In this review, we discuss the current knowledge regarding the bARTT’s produced by Salmonella serovars, and our current understanding of how these toxins contribute to Salmonella’s success as a pathogen.

2. SpvB Toxin

The presence of a high molecular weight plasmid encoded by S. Typhimurium isolates was initially reported in the 1970s, although the plasmid was initially characterized as ‘cryptic’ and was solely associated with its observed incapability with the F plasmid [38]. It was later discovered that this ‘cryptic’ plasmid was associated with enhanced adhesion and invasion of HeLa cells, and pathogenesis in mice [39]. Cloning of random fragments from endonuclease digests identified a 7.8 kb segment essential for virulence in plasmid-cured strains of S. Dublin and S. Typhimurium [40], which was later identified and named spvRABCD for Salmonella plasmid virulence (Figure 1) [38]. Further characterization demonstrated that SpvB functions as an ADP-ribosyltransferase that catalyzes ADP-ribosylation of host actin monomers, leading to their depolymerization [41]. spv genes have been identified in some S. enterica subsp. arizonae strains as well, but these genes are chromosomally-encoded and lack spvD [42].
Virulence plasmids from at least 10 different serovars have been identified as encoding spv genes (Table 2). It is important to note that these virulence plasmids also carry other virulence factors, including plasmid-encoded fimbriae (pef) and rcK (resistance to complement killing), as well as antimicrobial resistance genes [43]. Among the spv genes, spvC encodes a phosphothreonine lyase that inhibits host MAP kinases, [44] and spvD is associated with the suppression of proinflammatory responses [45].

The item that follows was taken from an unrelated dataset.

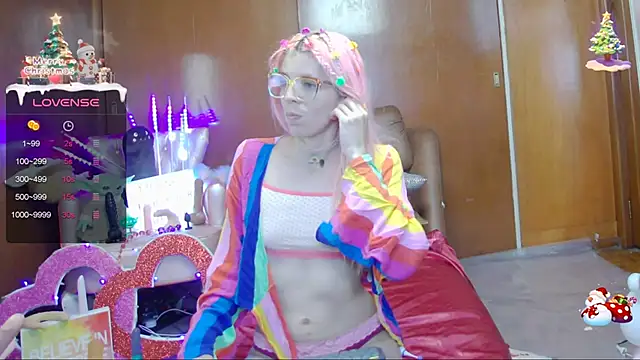 Skinygirl online show from January 2025 04:20:01 AM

2.1. SpvB Toxin Structure and Activity

In contrast to other known actin-ADP-ribosylating toxins, SpvB is a single-chain A-domain toxin (i.e., it lacks a binding subunit, as seen in Figure 2) [25]. SpvB is secreted by intracellular Salmonella directly into the cytoplasm of host cells via the SPI-2 T3SS [56], where it catalyzes the mono-ADP-ribosylation of the Arg177 residue of actin monomeric subunits, thereby inhibiting actin’s ability to hydrolyze ATP, which prevents actin polymerization and ultimately results in the depolymerization of actin [36]. This activity opposes the role of several SPI-1- and SPI-2-encoded virulence factors, whose roles are to encourage the polymerization of actin for successful invasion in non-phagocytic epithelial cells, and to maintain the integrity of the SCV membrane, respectively [57,58].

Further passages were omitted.